Labor leader Bill Shorten has promised to look after hundreds of thousands low-income pensioners whose income would be hit by his plan to claw back almost $6 billion a year in tax credits on dividend payments.
“We will make sure that pensioners are OK, full stop,” Shorten said yesterday, after an angry reaction from shareholder and pensioner lobby groups to the proposal who saw it as an attack on a key source of their income.
Shorten has now indicated that he would provide income relief to some of the people whose household cash flows are reduced by the plan, which proposes cancelling cash rebates to shareholders under the franking credits regime.
The Australian reports Shorten is considering a payment supplement to offset losses to people affected. In effect this would be a welfare payment replacing income from dividends.
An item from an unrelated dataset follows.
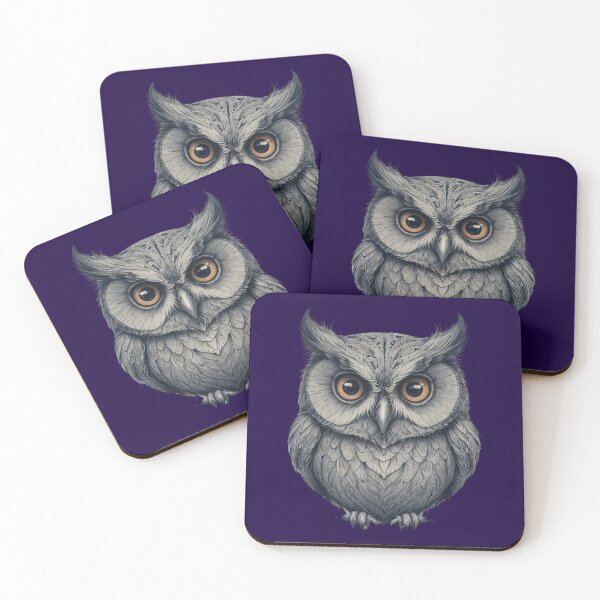 Item preview, Starry Barn Owl Big Eyes Animal Barn Bird designed and sold by Kia Blaze.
Just over a million people would be affected by the policy overall, many of them wealthy retirees but also people with share portfolios that currently deliver an income stream from share dividends. The government has accused the opposition of launching a “cash grab” targeting pensioners.
“For a person on the part pension they may get some taxpayer funded supplement to their shares – what we’re proposing is if they’re not getting some extra taxpayer funded bonus for income tax they haven’t paid, their part pension will increase,” Shorten said.
The proposed clawback of the tax credits, worth almost $60 billion over a decade, would provide a vast war chest for other spending promises such as income tax cuts and welfare increases ahead of the next election, while also keeping Labor on track to restore the federal budget to surplus.